DATA EXCERPTS:
########################################
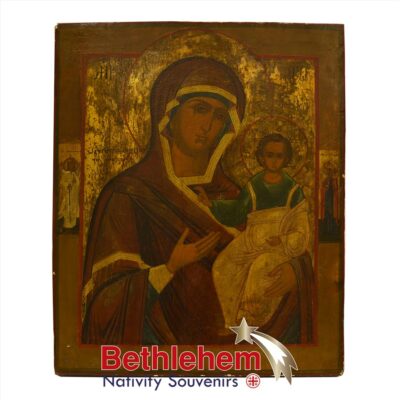 Our Lady of Smolesnkaya Icon. Old Russian Icon from the 19th century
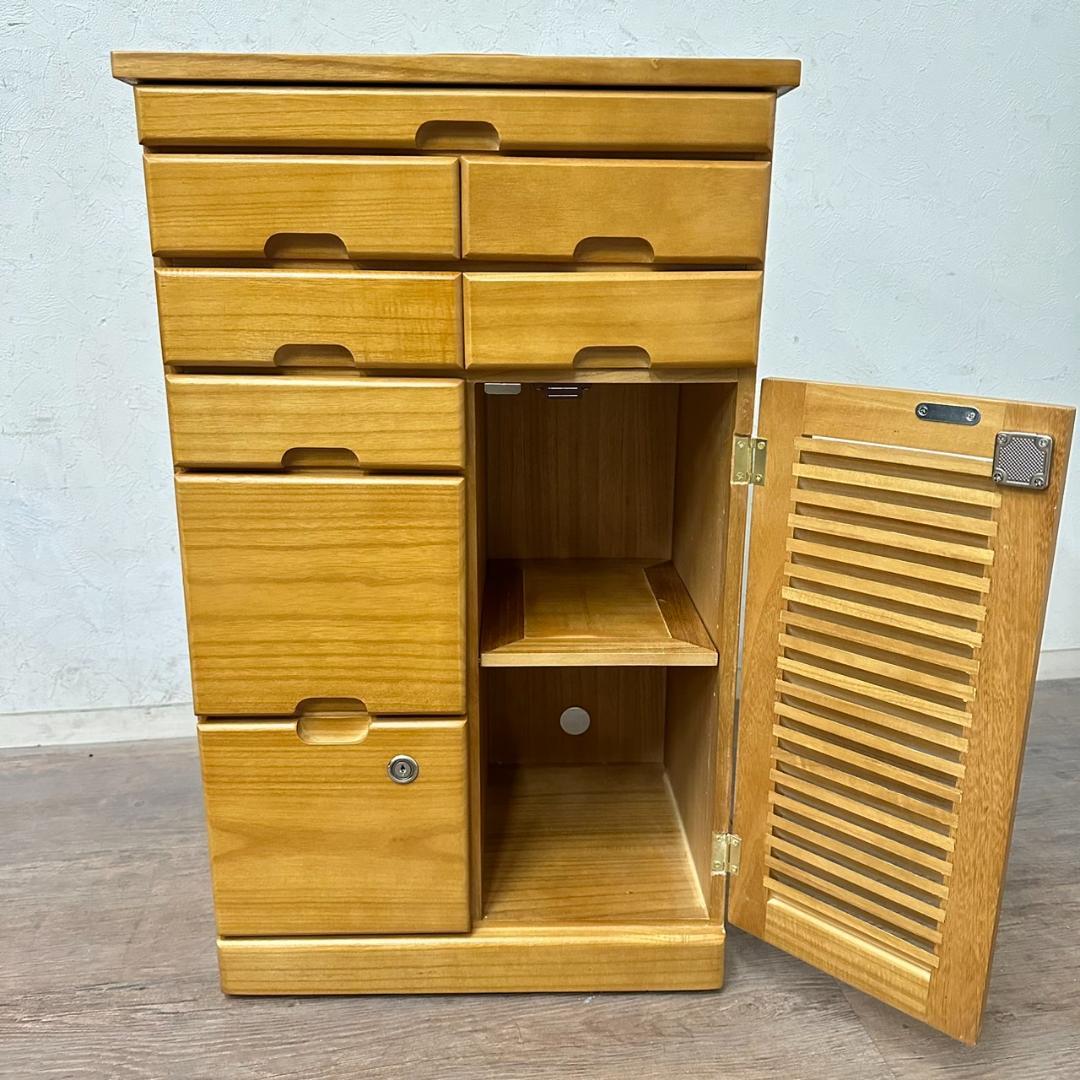 【新品・未使用】　FAX台　電話台　キャビネット　チェスト　鍵付き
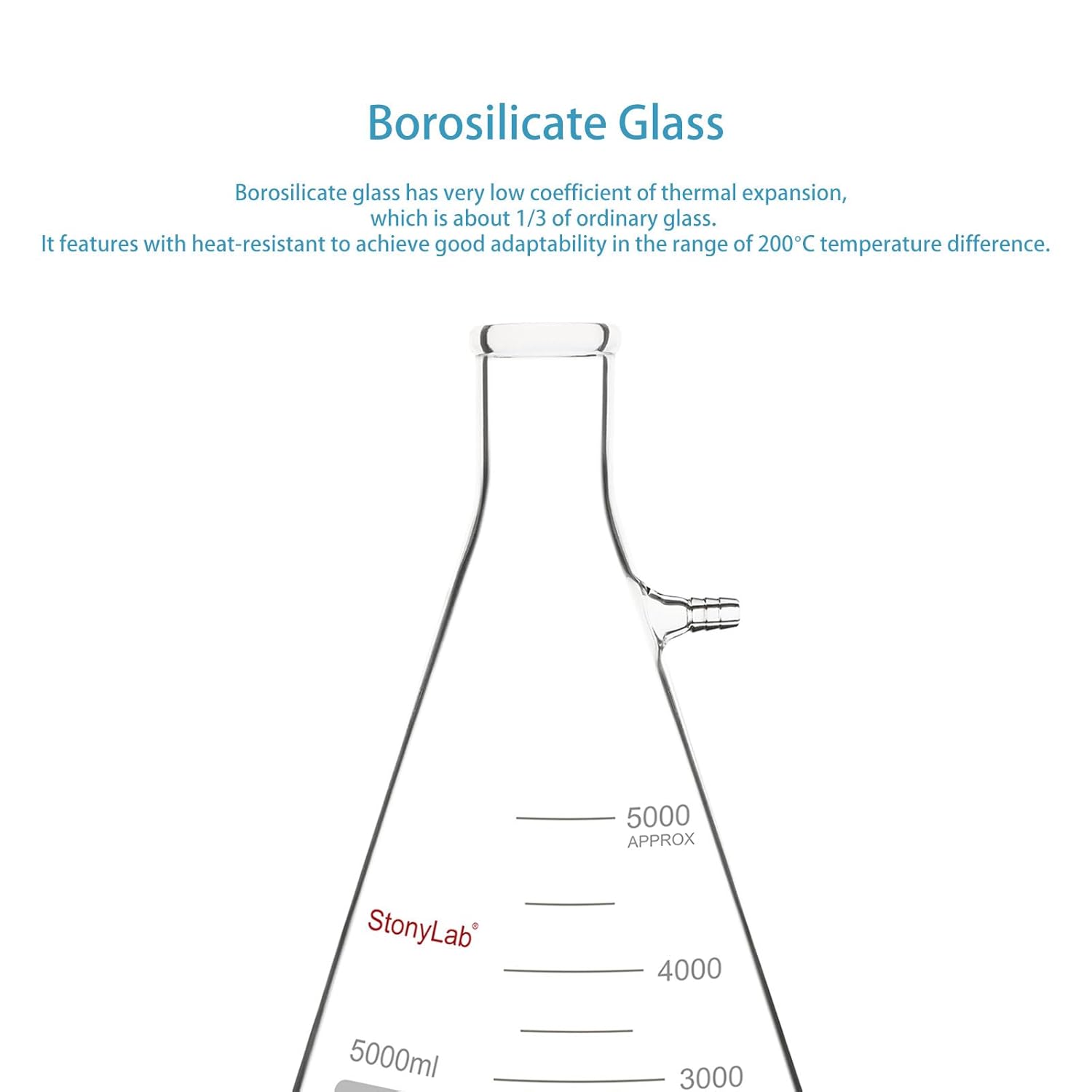 StonyLab 5000ml Borosilicate Glass Filtering Flask, Bolt Neck with Tubulation, 5L (5 Liter)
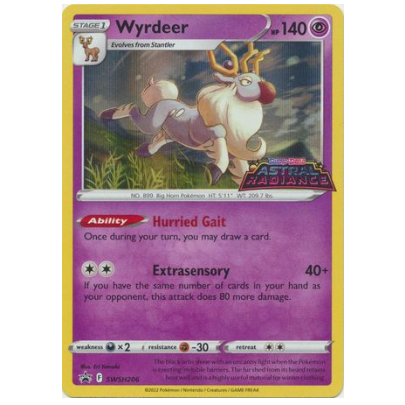 การ์ดเกมโปเกมอนภาษาอังกฤษ Wyrdeer - SWSH206 - โปรโมชั่นดาบและโล่โปเกมอนที่วางจําหน่ายล่วงหน้า SE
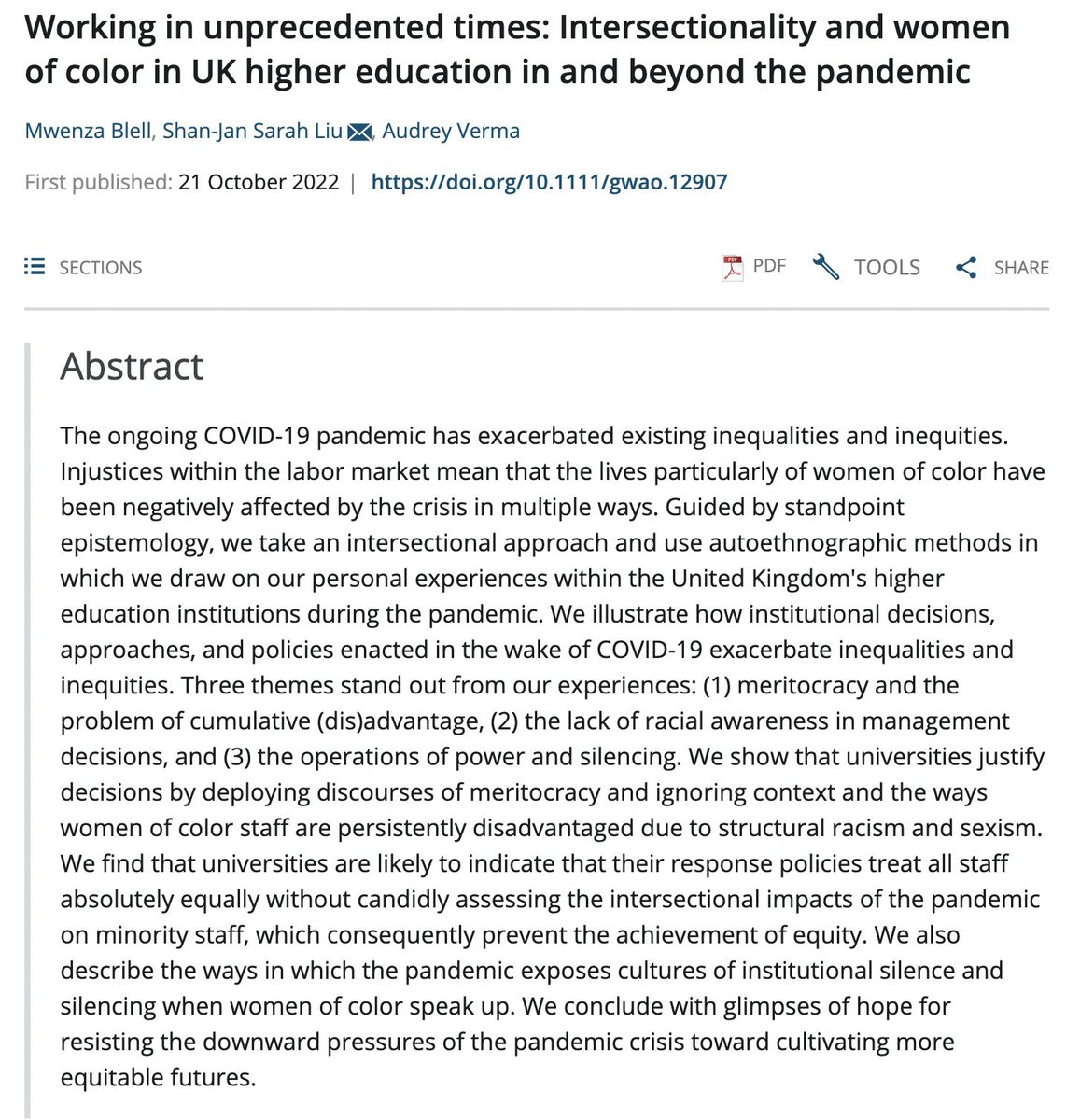 In this paper just published in <a href="/GenderWorkOrg/">Gender, Work & Organization</a>, <a href="/Menzwa/">Dr Mwenza Thandiwe Blell</a>, @awe_dwee, and I take an intersectional approach and detail our experiences working as women of color in higher education during the pandemic. If you only have time to read one thing I have written, let it be this one. A 🧵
########################################
PROBLEM TO SOLVE: Set down, in exact form, only the lines that start at the one containing "StonyLab 5000ml Borosilicate" and finish at the last line of the material; pictures do not go in.

RESPONSE TO THE TASK:
 StonyLab 5000ml Borosilicate Glass Filtering Flask, Bolt Neck with Tubulation, 5L (5 Liter)
 การ์ดเกมโปเกมอนภาษาอังกฤษ Wyrdeer - SWSH206 - โปรโมชั่นดาบและโล่โปเกมอนที่วางจําหน่ายล่วงหน้า SE
 In this paper just published in <a href="/GenderWorkOrg/">Gender, Work & Organization</a>, <a href="/Menzwa/">Dr Mwenza Thandiwe Blell</a>, @awe_dwee, and I take an intersectional approach and detail our experiences working as women of color in higher education during the pandemic. If you only have time to read one thing I have written, let it be this one. A 🧵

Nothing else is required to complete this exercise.